All this said, it is certainly possible that a schema presented by a document from
A may be helpful to X in deciding how to instantiate, out of the entire data
structure the document exhibits, the particular items of interest to X in this
processing instance. It is, however, X's decision precisely because the purpose of
the particular data instantiation is to serve the needs of X's processing. As a
practical matter, that decision is not taken away from X even when X and A both
nominally subscribe to a vertical industry standardized data vocabulary. Even if
that standard vocabulary is utterly comprehensive and is kept complete through
constant update--which none are, because  1) it takes time to get assent after the
fact, even if it is possible (witness the premise of this very discussion!), for
changes apparently required by unforeseen developments or by previously
unappreciated contradictions;  so  2) standard data vocabularies (the better ones,
anyway) are designed to be tools general enough to express any data which should
need to be communicated within their field of specialization, without obviating
the possibility of presentational change to accommodate foreseeable
possibilities:  a <price> field, for example, might have a currency indication, an
integer part, a fractional part, and a defined (or referenced) integer/fraction
separator, but without specifying the decimal size of either the integer or the
fraction, lest either economic hyperinflation or hypercontraction distort either
to a magnitude unimagined at the time of its definition;  but  3) the problem with
such neither-general-nor-specific vocabularies is that they cannot form the basis
of schemas which can direct, by themselves, the instantiation of data at the point
of processing, since they must defer to the processor itself to render the data,
however such properties as its numeric magnitude are presented, into a form which
is computationally manageable for the processing node;  so  4) the determinative
evaluation of the data is supplied in the instance by the processor, as it would
have done even in the absence of an agreed industry data vocabulary;  and  5) this
does not even contemplate the case--both fostered and promised by the Internet
topology itself--that the universe of those who might transact within a given
vertical market is expanding at an increasing rate, as the expansion of the
network opens connections to participants not easily accessible before, while at
the same time nodes previously unaware of that vertical market realize that they
might traffic in it, but have no history of the shared assumptions which
previously characterized it and, indeed, expect [and act straightway upon the
expectation!--consider the vertical markets which have changed utterly since the
collapse of the Soviet Union introduced new players who from day one simply did
business in a way it had not been done before] that their own very different
assumptions and practices will be accommodated by that market;  which leads, if
the standardized vocabularies try to keep up at all, back to (1). . .

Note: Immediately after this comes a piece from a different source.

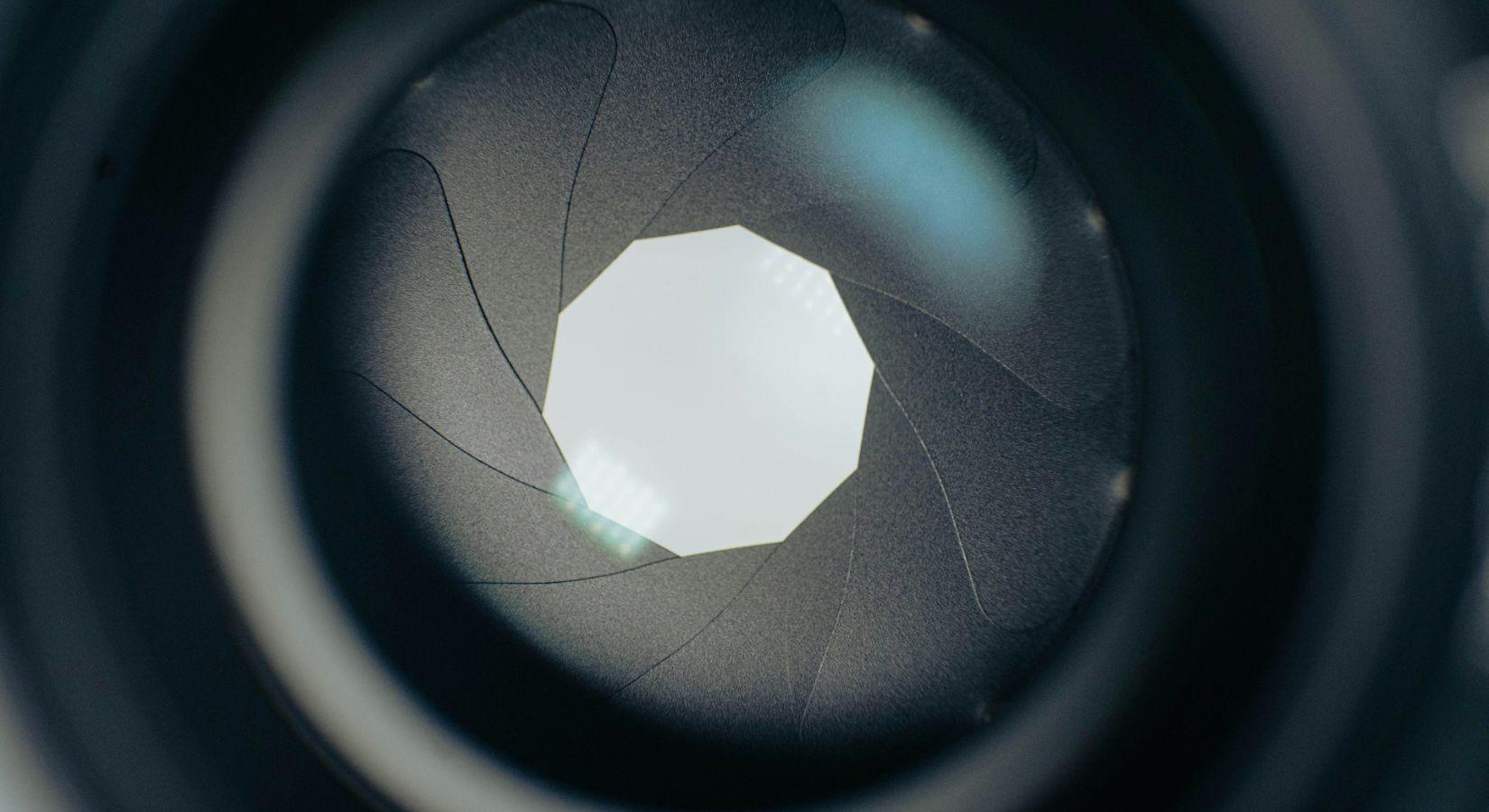 F値 絞り値 とはなんですか α：アルファSony JP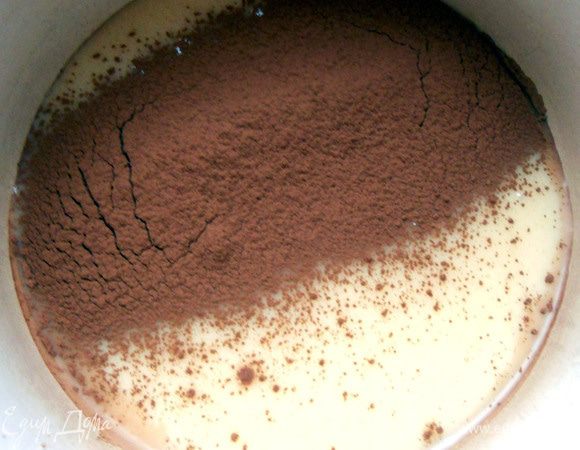 В небольшую кастрюлю с толстым дном влить молоко, просеять какао-порошок. ***Сгущенное молоко должно быть качественным, что, кстати, последнее время сложно: то сухое молоко в состав входит, то растительные жиры***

The point is that schemas, standardized data structures, and other agreed semantic
baggage are not of themselves final nor absolute, but depend upon the outcome of
process against instance data in a particular environment. The same is true of XML
namespaces. Whether in relative or absolute form from the point of view of the
document which presents them, namespaces from the point of view of the processor
which must act on them are relative to a third party viewpoint, that of the
document. David Carlisle has already succinctly illustrated that truth with his
point:

> If you decide that the DTDs base URI should be used (somehow) then
> you have the fun deciding what is the base URI is for a DTD found
> via a PUBLIC identifier.
>
The processor must, of course, engage in a process which in many real world
circumstances includes resolving namespaces, even ones presented in apparently
absolute form. And after that resolution the processor must regard those resolved
namespaces as 'via nodeA', as distinct from 'via nodeB' or, more completely, as
'via nodeA/datastructure "foo"/instance #uniqueID'. The canon of name usage, in
other words, is not the namespace+GI which a document might present, but the
historical database at the processing node of the
namespace/datastructure/GI/instance form asserted by the document, paired with the
actual form of its instantiation by the processor on that occasion.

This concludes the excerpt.